[1] My sense is that few of those items would invoke much, beyond ones like "AC/DC," which many black and Hispanic children would probably recognize as a heavy-metal rock group of the mid-1980s. By AC/DC, I take Hirsch to be referring to its electrical connotations. It is unlikely that he seeks the popular-culture answer that it means bisexual.

[2] In his forward to Greimas's work On Meaning, Fredric Jameson notes that Greimas's work is so complex and so dense that it is difficult to absorb as a whole. Jameson mentions that his own way of dealing with the work is to read it for what he finds useful and of value and to leave what he doesn't understand at the moment for the next time he returns to the text. The works examined in this section, those of Paolo Freire, Sylvia Scribner and Michael Cole, Shirley Brice Heath and Olga Vasquez, are very sophisticated, too sophisticated to be able to do them justice in a few paragraphs or pages of summary. Instead the elements of those works that bear directly on the argument under construction here will be mined and a fuller understanding of this body of work left to the reader at his or her own leisure.

[3] Many of these goals are completely unrealistic. I.e., "Compare computer processing and storage capabilities to the human brain, listing some general similarities and differences. (Johnson, David, et. al., 1980, p.93 -italics in original)

[4] The Johnson, Anderson, Hansen and Klassen article discussed above, "Computer Literacy - What is it?" lists so many different goals and objectives that it falls into each of the following categories. in the interests of preserving space I have eliminated their names from the sources, but they could be listed in each of the categories.

[5] This is particularly limited in that it doesn't imply or specify any ability to distinguish those needs in the first place or any ability to use computers to investigate and establish those needs.

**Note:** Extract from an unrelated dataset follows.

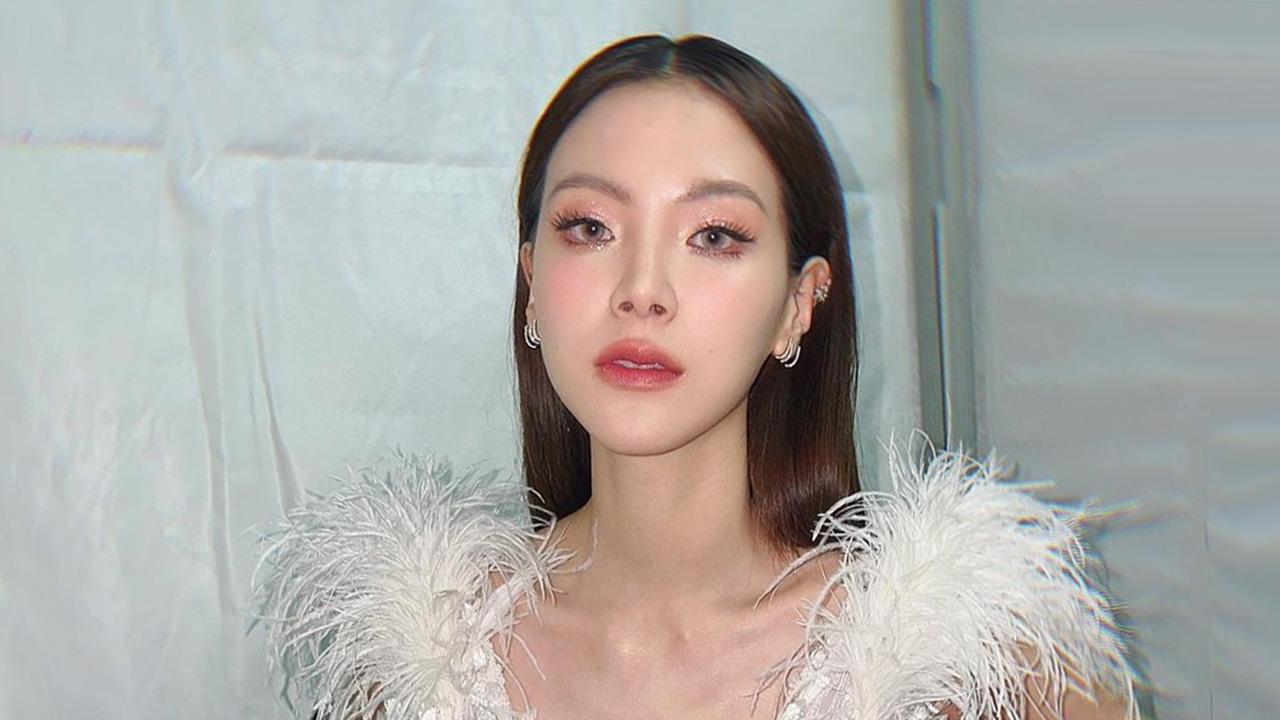 "ใบเฟิร์น" เบิร์ธเดย์ "แม่หมู" เป็นลูกสาวเปล่าลูกสะใภ้ อายโสด 4 ปี ไม่มีใครจีบ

[6] CAI = Computer Aided Instruction -mechanistic drill and practice software that has been proven to improve students' scores on standard tests (cf. Tonacci 1989, "Back to Basics"). There is little proof that these systems allow anything more than this, besides helping schools replace teachers with machinery

[7] In probably the broadest set of expectations elaborated anywhere about what computer literacy might mean for the society at large, Deringer and Molnar state the objectives of a 1980 National Science Foundation conference on computer literacy. They begin by noting that the "conference agreed that there [was] a national need for 'computer literacy' [and agreed] that we are experiencing a growing national problem" (Deringer and Molnar 1982, p.4). Their objectives are equally broad and general. To whit: "Due to the decline in national productivity, the increase in foreign trade competition, and national defense and safety needs, computers have emerged as the major force for ameliorating these conditions. Consequently, the shortage of computer specialists and knowledge workers has raised the problem of computer literacy to the level of a national crisis" (Deringer and Molnar 1982, p.4).

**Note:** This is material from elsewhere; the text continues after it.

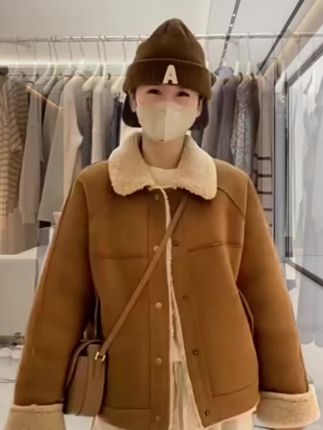 皮毛一体美拉德短外套女秋冬棉服高级感韩系宽松仿羊羔毛加厚上衣#简约穿搭 #穿搭分享 #女装穿搭 #外套穿搭 #温柔穿搭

[8] It is interesting to note that it took longer to work through the indexes than it did to read all the useful articles listed.

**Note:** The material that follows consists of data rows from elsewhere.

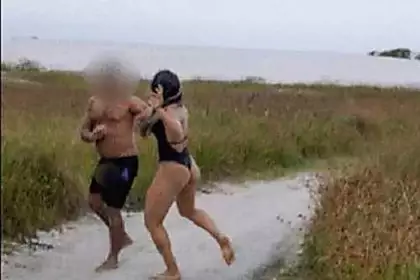 Joyce Vieira beats up man who exposed himself to her
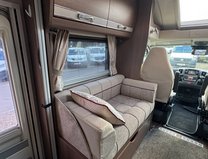 Elddis Majestic 254 2 Belt|4 Berth|Transverse Island Bed|Kitchen|Bathroom|Large Fridge Freezer 11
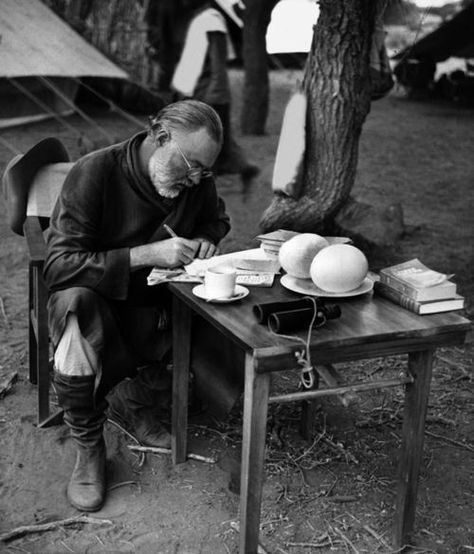 Hemingway Style, Ernst Hemingway, Earnest Hemingway, People Watching, Writers And Poets, Writing Space, Writers Write, Book Writer, Ernest Hemingway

[9] This is someone who obviously never worked with an Apple ][+ or an early Unix box, neither of which was known for being particularly consistent. Lately I have also wished that I could sit them in front of the word processing package I am using to write this paper. At odd moments it has taken to telling me, in a screen-wide, reverse video line at the bottom of the screen:
WARNING! FILE WRITE ERROR - WRITE FILE SOMEWHERE ELSE AND EXIT ASAP!!

[10] Raymond Williams notes how modern mass media have changed the function of drama in modern society from that of a center for political discussion to that where the activity takes place on the screen and the spectator is left with: "Fiction; acting; idle dreaming and vicarious spectacle; the simultaneous satisfaction of sloth and appetite; distraction from distraction by distraction" (Williams 1975 p.7).

[11] The term "hacking" originally meant to be persistent in trying to figure out some element, aspect or utility of a computer system by trying anything necessary to get it to function (usually without reference to system documentation)."A Hacker is any person who derives joy from discovering ways to circumvent limitations" (Robert Bickford - rab@well.com 1986). The term is frequently misused by flacks in the popular media to describe the activity of making illegal entry to a computer system. In the community of computer professionals, hacking is still viewed as an honorable activity and a valued skill"

[12] Computer files have three characteristics: read, write and execute (program files only) or, in other words, read and write text, when the file is in a text format, and execute the application or program. Most information services - radio, television, newspapers and magazines - are "read only" texts in that there is no way to alter the text itself. This is also part of what Williams is getting at above in his criticism of drama.